##### Extracted data #####
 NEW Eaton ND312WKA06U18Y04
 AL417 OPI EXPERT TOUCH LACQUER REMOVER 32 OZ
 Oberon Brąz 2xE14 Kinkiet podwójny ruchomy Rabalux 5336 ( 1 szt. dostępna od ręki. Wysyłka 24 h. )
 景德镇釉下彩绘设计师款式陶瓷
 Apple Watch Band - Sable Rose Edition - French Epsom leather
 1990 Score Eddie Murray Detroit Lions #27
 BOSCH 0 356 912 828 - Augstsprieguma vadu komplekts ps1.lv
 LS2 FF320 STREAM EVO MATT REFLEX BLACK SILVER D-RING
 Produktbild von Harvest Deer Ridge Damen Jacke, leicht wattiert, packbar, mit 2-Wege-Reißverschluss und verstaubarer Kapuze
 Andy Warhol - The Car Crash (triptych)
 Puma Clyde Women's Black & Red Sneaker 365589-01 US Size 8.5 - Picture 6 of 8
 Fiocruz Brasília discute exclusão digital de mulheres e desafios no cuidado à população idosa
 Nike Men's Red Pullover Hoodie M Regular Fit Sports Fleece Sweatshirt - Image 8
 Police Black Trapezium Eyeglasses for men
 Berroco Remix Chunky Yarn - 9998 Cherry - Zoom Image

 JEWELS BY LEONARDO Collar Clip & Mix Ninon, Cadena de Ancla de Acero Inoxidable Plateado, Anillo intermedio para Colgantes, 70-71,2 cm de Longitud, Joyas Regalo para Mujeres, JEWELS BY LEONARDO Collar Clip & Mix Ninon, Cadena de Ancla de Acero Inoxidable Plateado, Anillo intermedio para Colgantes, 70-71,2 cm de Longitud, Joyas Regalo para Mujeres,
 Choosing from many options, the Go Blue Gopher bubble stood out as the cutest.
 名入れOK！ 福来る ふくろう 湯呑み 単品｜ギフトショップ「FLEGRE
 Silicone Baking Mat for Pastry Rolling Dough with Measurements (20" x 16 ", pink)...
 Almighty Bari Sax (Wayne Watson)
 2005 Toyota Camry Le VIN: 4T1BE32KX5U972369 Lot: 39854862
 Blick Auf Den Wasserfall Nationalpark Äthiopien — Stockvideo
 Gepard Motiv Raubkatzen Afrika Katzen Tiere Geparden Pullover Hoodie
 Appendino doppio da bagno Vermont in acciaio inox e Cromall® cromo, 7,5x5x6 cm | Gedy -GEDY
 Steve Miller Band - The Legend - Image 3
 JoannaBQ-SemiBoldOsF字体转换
#####
• Your goal:
Taking the listing as a whole, count how many of its lines contain the word "Band", and reply with that count alone.

• Written solution:
2